Along with the basic plotline, as stated in the description of this novel, there was this overarching political plotline of the world that played a role in the story. At the time of this all being revealed to the Sorina, it seemed to be a little info dump-ey and was complicated to follow. Especially when listening to an audiobook where you can have a tendency to zone out. I thought it was a great attempt to add an extra layer to the story, though it didn’t quite meet its mark.
I wish there was more exploration and I could read a whole series that delved into aspects of the world beyond Sorina and her family. If Sorina had been less oblivious to the world outside of her own doorstep, we could’ve gradually been introduced to the political and interesting potential of the world.
Reading vs. Listening
As mentioned above, I read this book on audio. It was narrated by Emily Woo Zeller. She honestly did a decent narration, she spoke clearly, for the most part, and she had voices for the characters.
I had a couple issues with the narration, however. I found that it was hard to hear her narrate certain sections because she was saying something too quietly because the story prompted her to whisper or mumble.

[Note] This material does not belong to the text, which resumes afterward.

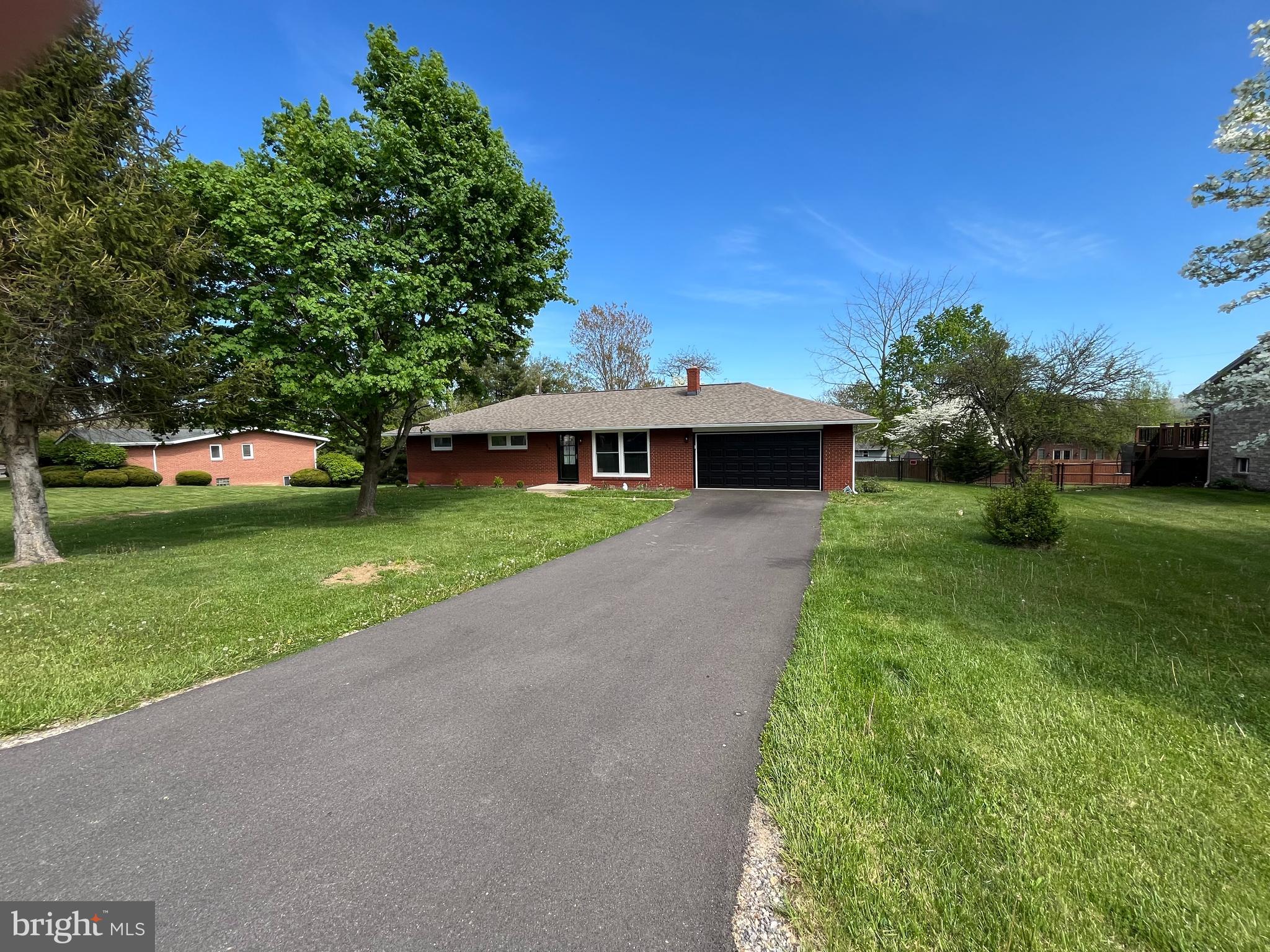 59 HAWTHORNE DRIVE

It was hard to hear clearly what the character was saying because of that.
Another issue I had was that it was hard to discern what was being said in the story vs. what Sorina was thinking, and Sorina does think of things she would say before she actually says something different. I was a bit confused on that front. Overall, I enjoyed the audiobook experience.
What I Loved
- Sorina and Luca as characters were both really well developed as the story went on and went through major growth that I was really pleased with
- Representation; LGBTQIAP+ & anxiety
- The plot was very engaging, I was glued to the story at every turn, and it kept you guessing
- The world was weird and eccentric
- The story was not afraid to show horrors, let their characters curse and be angry, and not gloss over grief & sadness
What I Did Not Love
- Sorina’s illusions and the magic surrounding them are slightly confusing and as a reader, I couldn’t really understand how they worked so that hindered the believability a bit
- Sorina lived in Gomorrah most of her life and traveled a lot with the city, so it seemed a little unbelievable that she was not as aware of the underlying conflicts between Gomorrah and the “Up-Mountain.”
- Gomorrah as a city seemed a little bit “too good to be true,” in the sense that Gomorrah had so much influence as a roaming city, yet it could still be pushed around by the other cities and citizens of Gomorrah could be killed/injured by Up-Mountain officials. Sorina explained at some point in the novel that Gomorrah had influence over the cities, but at other points, she said that Gomorrah was toeing a very thin line from being completely wiped out by the Up-Mountain
- Some of the characters, like Hawk, I feel weren’t fleshed out enough. They either didn’t experience any growth or were only spoke of or told to the reader by Sorina. These characters become pivotal to the story so it’s weird that we have no characterization for them
All in all, I really loved Daughter of the Burning City. The story was unique and packed with a lot of lovable characters. Although it had moments where I was confused, it didn’t impede my enjoyment. I do recommend this book for anyone who is tired of the tropes in Young Adult fantasy and are looking for a diverse read.